According to javadoc on MessageChannelPartitionHandler
it is supposed to be step or job scoped. In remote partitioning scenario we are using RemotePartitioningManagerStepBuilder
to build manager step which does not allow to set PartitionHandler. Given that every job will use same queue on rabbitmq, when worker node replies are received message are getting crossed. There is no simple way to reproduce this but I can see this behavior using some manual steps as below
- Launch first job
- Kill the manager node before worker can reply
- Let worker node finish handling all partitions and send a reply on rabbitmq
- Start manager node again and launch a new job
- Have some mechanism to fail the second job i.e. explicitly fail in reader/writer
- Check the status of 2 jobs
Expected Result: Job-1 marked completed and job-2 as failed
Actual Result: Job-1 remains in started and job-2 is marked completed eventhough its worker steps are marked as failed
Below is sample code that shows how manager and worker steps are configured
@Bean
public Step importDataStep(RemotePartitioningManagerStepBuilderFactory managerStepBuilderFactory) {
return managerStepBuilderFactory.get()
.<String, String>partitioner("worker", partitioner())
.gridSize(2)
.outputChannel(outgoingRequestsToWorkers)

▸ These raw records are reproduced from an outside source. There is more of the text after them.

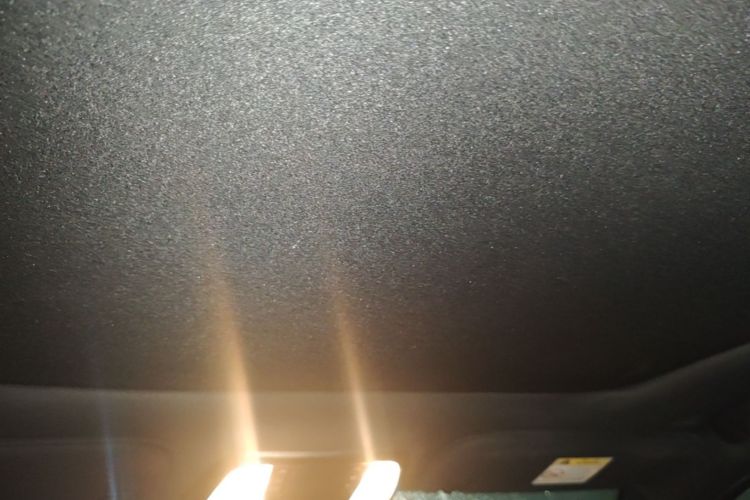 Used Jeep Grand Cherokee 2015 3.0L Comfort Navigation Edition Headliner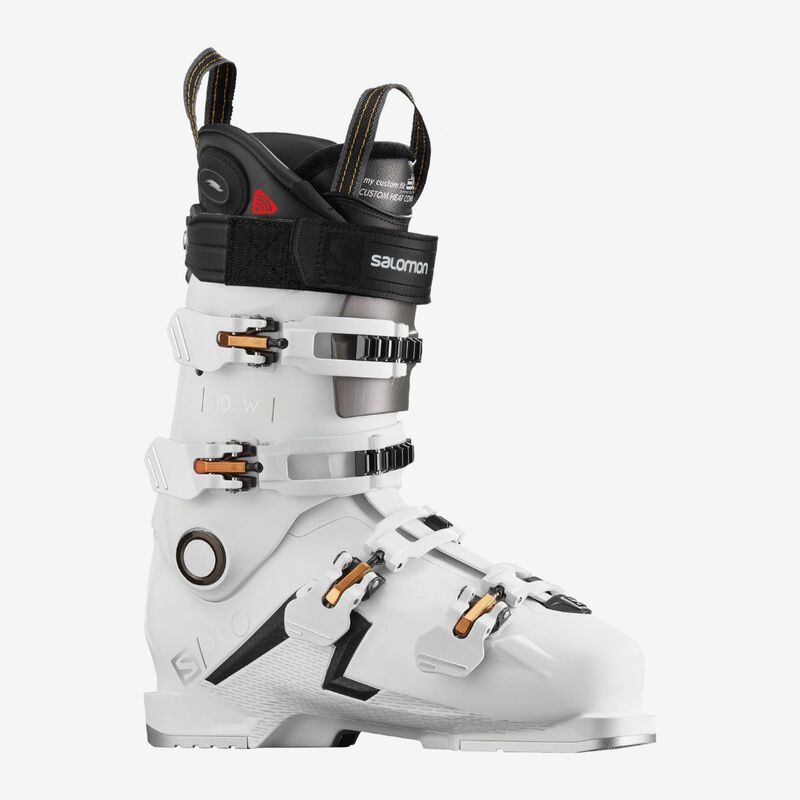 aardbeving Immuniteit ornament Salomon S/Pro 90 Custom Heat Connect Ski Boots Womens | Christy Sports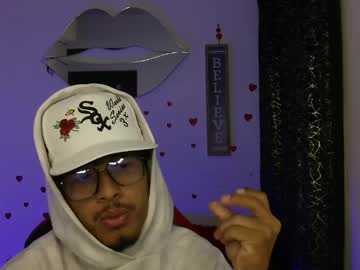 Blackfox_Desire May 03, 2026 Chaturbate stream image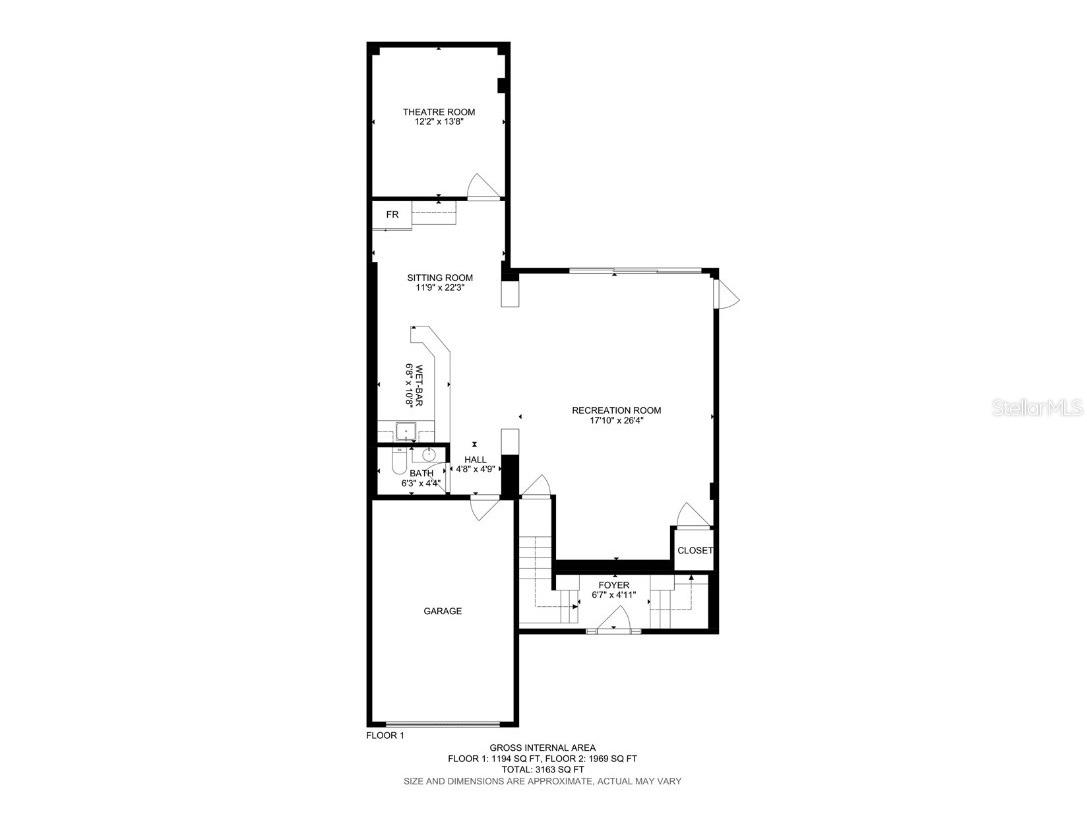 4260 Columbus Drive Hernando Beach FL 34607 W7866581 image12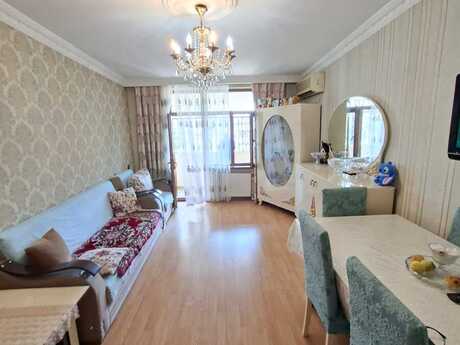 3-room apartment, 90 m², Neftçilər: 163 000 ₼ 3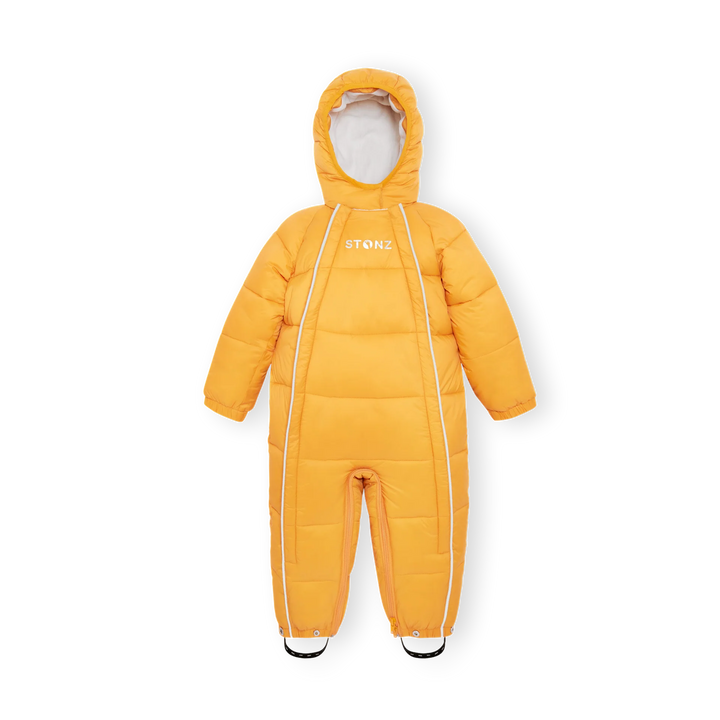 Snow Suit - Sunflower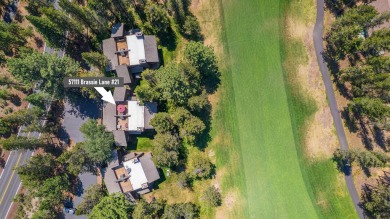 Imagine waking up to fairway views out your door and teeing off on Sunriver Woodlands Golf Course in Oregon - for sale on GolfHomes.com, golf home, golf lot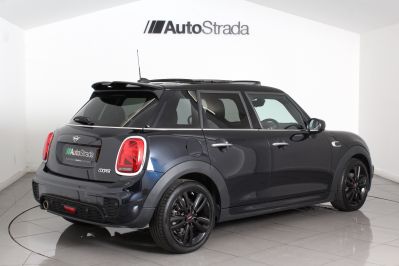 MINI HATCH COOPER SPORT - 5360 - 14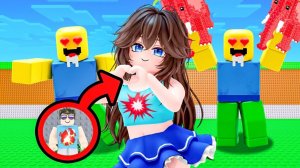 😱Я Притворился ДЕВУШКОЙ и ОБМАНУЛ ИГРОКОВ в Steal a Brainrot!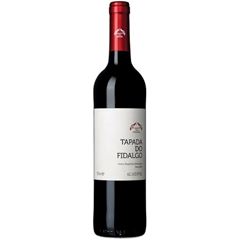 VINHO TAPADA DO FIDALGO  TTO 1X750ML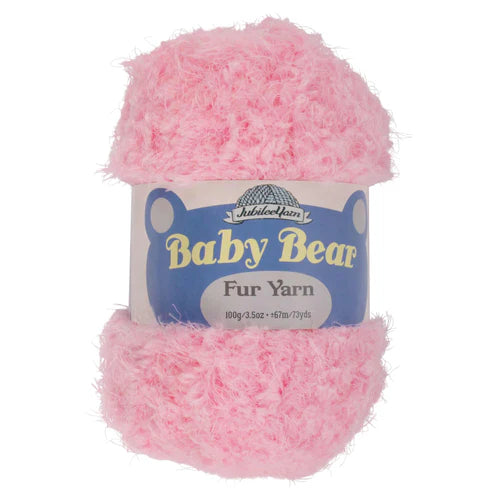 Baby Bear Yarn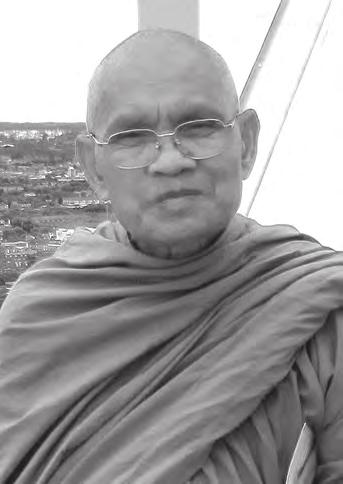 The potential of being human The following is the summary of a Dhamma talk offered by Luang Por Liem at Amaravati Buddhist Monastery on Saturday, 21 May 2011, the evening before the Wesak Day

.inputChannel(incomingRepliesFromWorkers)
.listener(stepExecutionListener)
.build();
}
@Bean
public Step worker(
RemotePartitioningWorkerStepBuilderFactory workerStepBuilderFactory) {
return workerStepBuilderFactory.get("worker")
.listener(stepExecutionListener)
.inputChannel(incomingRequestsFromManager())
.outputChannel(outgoingRepliesToManager())
.<String, String>chunk(10)
.reader(itemReader())
.processor(itemProcessor())
.writer(itemWriter());
}
Alternatively, I can think of using polling instead of replies where crossing of message does not occur. But polling cannot be restarted if manager nodes crashed while worker nodes were processing. If I follow the same above steps using polling
Actual Result: Job-1 remains in started and job-2 is marked failed as expected
This issue does not occur in case of polling because each Poller is using exact jobExecutionId to poll and update corresponding manger step/job.
What am I doing wrong? Is there a better way to handle this scenario?